Filipinos have an enduring connection with Italian food that extends to more than just pizza and pasta. Nowadays, we indulge ourselves with a creamy heaping of risotto or a plateful of savory osso buco.
According to Chef Joris Rycken of Acqua restaurant in Shangri-La’s Mactan Resort and Spa, Italian cuisine has common and really popular ingredients such as the olive oil, choice herbs, tomato sauce, and cheese.
Italian food fans can attest that these basic ingredients when served fresh or cooked well, can transport a diner to a place of relative home-cooked goodness and satisfaction.
Still, Filipinos can sometimes feel intimidated when cooking an Italian dish just because a number of ingredients sound so foreign to us. It's a good thing that Chef Joris debunked this myth for me when he demonstrated how to cook Risotto ai Funghi Porcini.
The first thing that I learned from him is that a good risotto must not be firm on a plate but rather, creamy and gooey. Chef Joris says, “You add the butter and the Parmesan cheese to make sure the creaminess is coming out. The risotto when it comes on a plate, it must actually run (to the sides). It must be that creamy.”
Cooking risotto surprisingly is easy. (See the recipe below.) The entire procedure just took less than 30 minutes. Chef Joris adds another tip that when cooking the rice, the right texture must be al dente.

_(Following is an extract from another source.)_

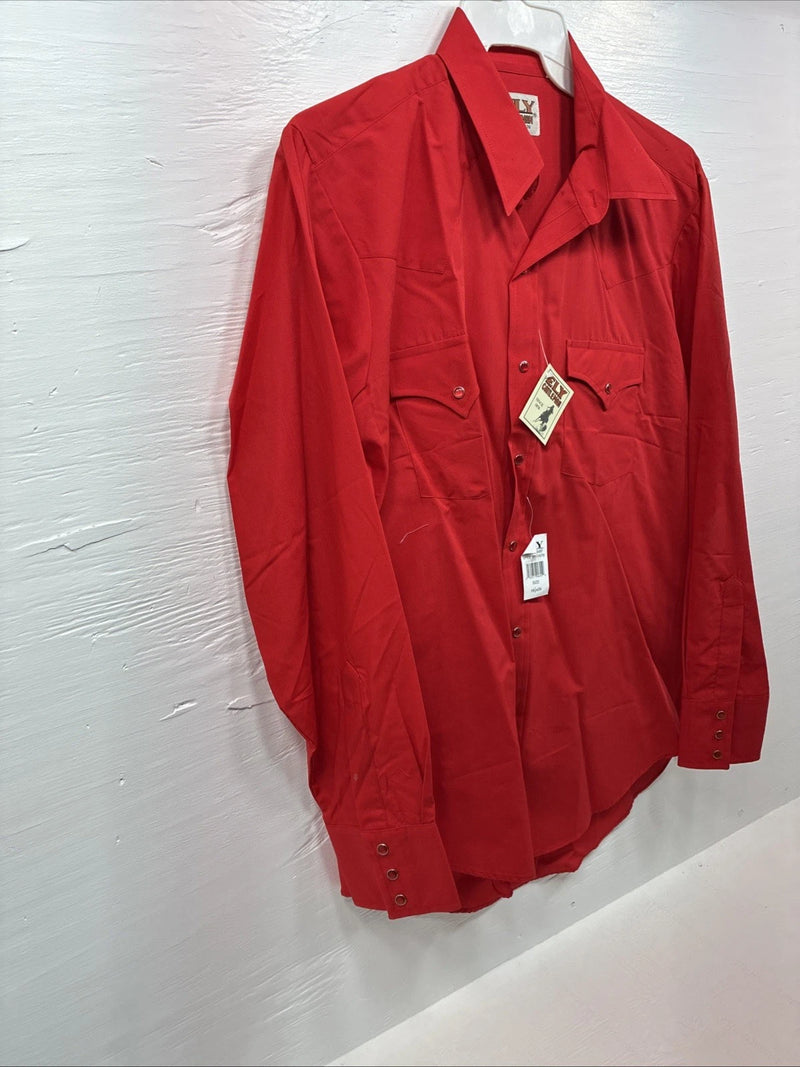 New Men’s ELY Cattleman Red Western Long Sleeve Pearl Snap 16.5 X 35 Large T-63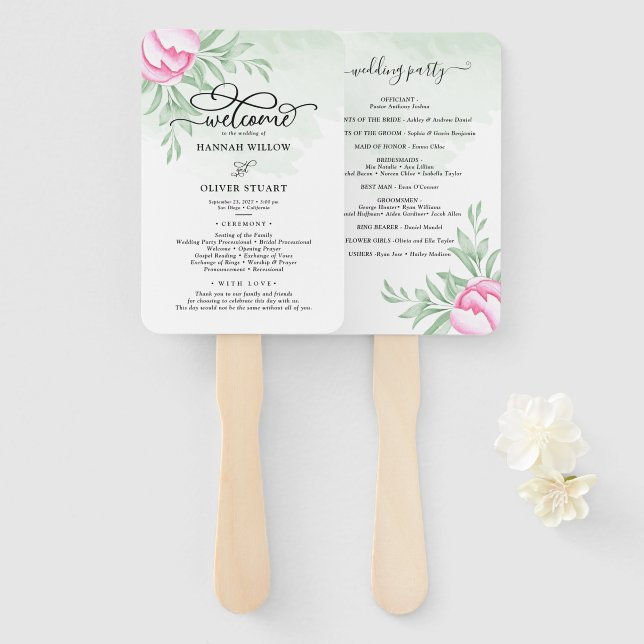 Rose Pink Gold Floral Greenery Wedding Program  Hand Fan (Front and Back)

Indeed, Risotto ai Funghi porcini is easy to do but the taste of cheese and the earthy flavor of mushrooms take the dish to another level of gustatory experience. The ham on top of the risotto is just the right complement to the comfort foaod.
Just a side note, I enjoyed the dish in front of the gorgeous Mactan beach, but I am pretty sure the vista was not clouding my palate.
Chef Joris also shared other secrets of popular Italian recipes like the pizza. “It’s the dough,” he says. “We make a very crispy dough that we cook in the wood-fire oven. (Then) you must have good cheese, nicely melted. ”
He also emphasized the importance of the freshness of ingredients. He says that many of their restaurant’s ingredients are sourced locally. “We take a lot of ingredients, mostly the vegetables from the locals of the Philippines all the way from Bukidnon and Cagayan de Oro. Of course the seafood, the prawns and the lapu-lapu, that’s all from Cebu.”
In fact, Chef Joris Rycken shared that Acqua even has an herb garden at the back of the hotel. “That’s where we take our basil, oregano and thyme. It’s not big but enough to serve an Italian restaurant,” he revealed.
I admit that I may have yet to see a demo of the delectable osso buco and I haven’t cooked the perfect ravioli. However judging from the experience of seeing a risotto cooked from the kitchen then making its way to my plate, I can say that there is an easy way to Italian food heaven.
Recipe of Risotto ai Funghi Porcini from Chef Joris Rycken:
10 grams onion
80 grams of rice
5 grams of mushroom
120 ml vegetable stock
50 ml white wine
5 grams salt
20 grams butter
20 grams Parmesan cheese
Take one onion and julienne. Put in pan and add the rice. Let it toast. Put the wine in. Wait for it to reduce and then add the vegetable stock and mushrooms. Cook for 20 minutes. Finish with mantecare and mix with butter and Parmesan cheese. Top with parsley.